But was it still used as a "normal" noun for a father? In such a case it would be quite similar with the use of "father" to address Catholic priest in many countries today.


Drink said:


> Could you link to that thread?


What is the meaning of "abba"


----------



## Drink

I guess you're referring to this:


NotNow said:


> Furthermore, the word abba should not be translated as father.  It is an intimate term for a male parent.  The closest equivalents are daddy, tatus, or papa but even these do not convey the connotation of the Hebrew and Aramaic word.

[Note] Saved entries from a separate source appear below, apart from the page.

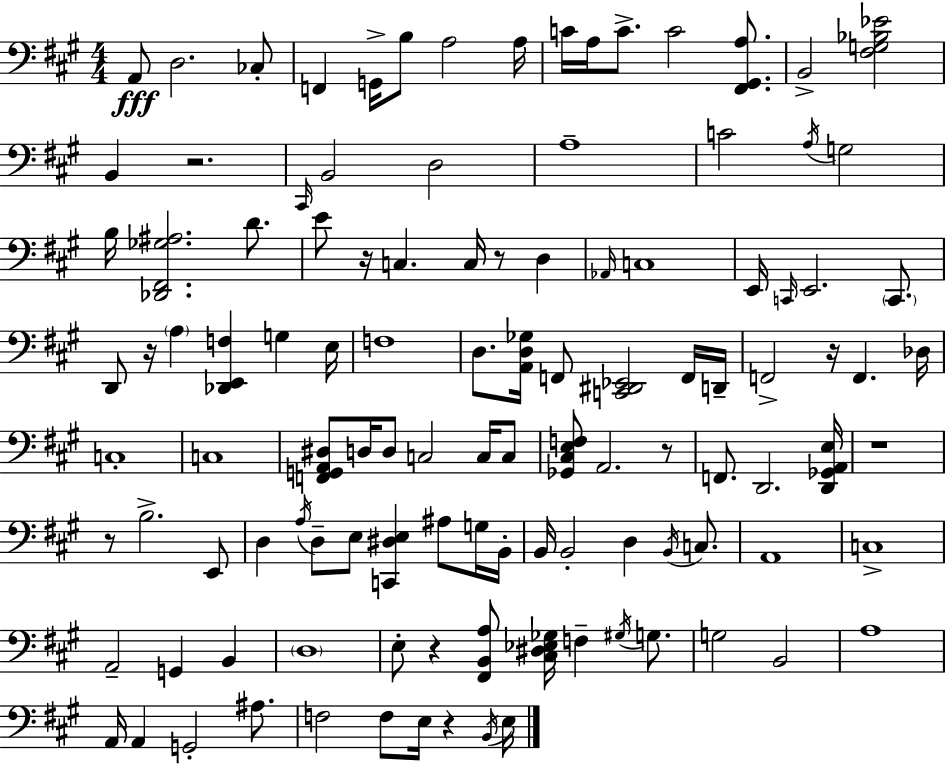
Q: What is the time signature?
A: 4/4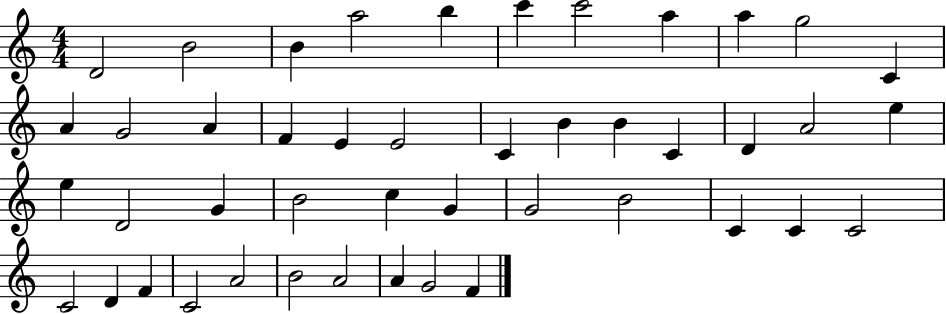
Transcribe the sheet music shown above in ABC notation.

X:1
T:Untitled
M:4/4
L:1/4
K:C
D2 B2 B a2 b c' c'2 a a g2 C A G2 A F E E2 C B B C D A2 e e D2 G B2 c G G2 B2 C C C2 C2 D F C2 A2 B2 A2 A G2 F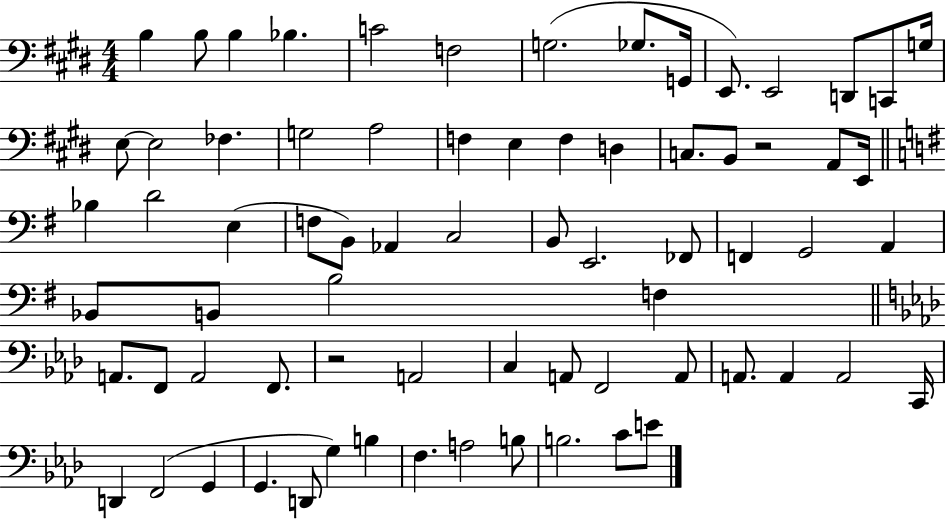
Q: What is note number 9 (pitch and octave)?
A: G2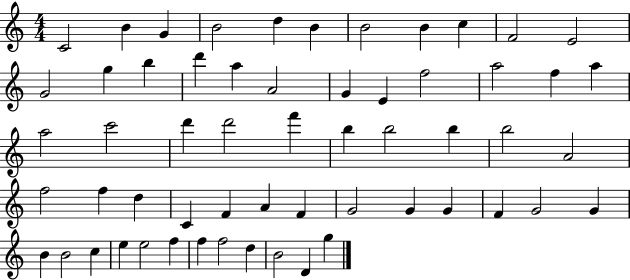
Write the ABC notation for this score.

X:1
T:Untitled
M:4/4
L:1/4
K:C
C2 B G B2 d B B2 B c F2 E2 G2 g b d' a A2 G E f2 a2 f a a2 c'2 d' d'2 f' b b2 b b2 A2 f2 f d C F A F G2 G G F G2 G B B2 c e e2 f f f2 d B2 D g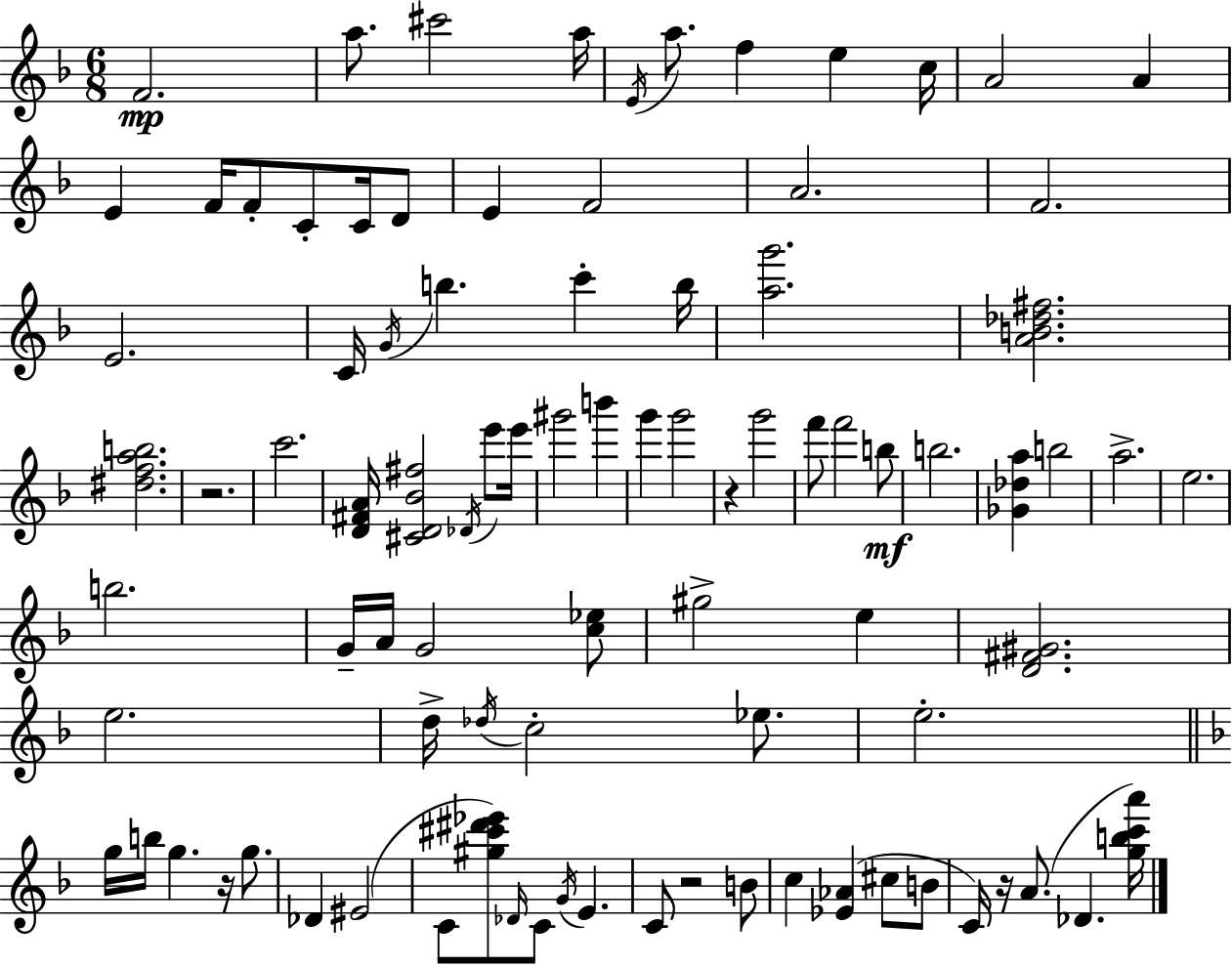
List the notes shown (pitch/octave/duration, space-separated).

F4/h. A5/e. C#6/h A5/s E4/s A5/e. F5/q E5/q C5/s A4/h A4/q E4/q F4/s F4/e C4/e C4/s D4/e E4/q F4/h A4/h. F4/h. E4/h. C4/s G4/s B5/q. C6/q B5/s [A5,G6]/h. [A4,B4,Db5,F#5]/h. [D#5,F5,A5,B5]/h. R/h. C6/h. [D4,F#4,A4]/s [C#4,D4,Bb4,F#5]/h Db4/s E6/e E6/s G#6/h B6/q G6/q G6/h R/q G6/h F6/e F6/h B5/e B5/h. [Gb4,Db5,A5]/q B5/h A5/h. E5/h. B5/h. G4/s A4/s G4/h [C5,Eb5]/e G#5/h E5/q [D4,F#4,G#4]/h. E5/h. D5/s Db5/s C5/h Eb5/e. E5/h. G5/s B5/s G5/q. R/s G5/e. Db4/q EIS4/h C4/e [G#5,C#6,D#6,Eb6]/e Db4/s C4/e G4/s E4/q. C4/e R/h B4/e C5/q [Eb4,Ab4]/q C#5/e B4/e C4/s R/s A4/e. Db4/q. [G5,B5,C6,A6]/s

It seems to me that NotNow is referring to the current usage in Modern Hebrew, but even so this is not a correct characterization, since it is actually the primary word for father in informal contexts.

In Talmudic Aramaic, I would not the word is in any way similar to the use of "father" for Catholic priests. It was used for people the speaker admires and respects, but not necessarily having any formal position in society. But perhaps that says more about the differences in these societies (a society where respect is earned by reputation vs. one where it is earned by a formal process) rather than about the usage of the words.

Yes אבא (’abbā) was still the normal word for father in Aramaic, although perhaps it was less common in this form itself, but more common in possessive constructions like אבוהי דגברא (’avūhi d'gavrā), meaning "the father of the man", using גברא (gavrā), "man", just as an example.


----------



## JAN SHAR

The Aramaic אַבָּא sounds a lot like its Hebrew counterpart אַב. Do you think one is a borrowing from the other? And Drink, why did you put a pronoun at the end of the first word in אבוהי דגברא when you already have the word ד? It's like saying His father of the man.


----------



## Drink

JAN SHAR said:


> The Aramaic אַבָּא sounds a lot like its Hebrew counterpart אַב. Do you think one is a borrowing from the other?


No. They are just cognates. Compare Arabic أب as well.



JAN SHAR said:


> And Drink, why did you put a pronoun at the end of the first word in אבוהי דגברא when you already have the word ד? It's like saying His father of the man.


That is how it works in Aramaic grammar.


----------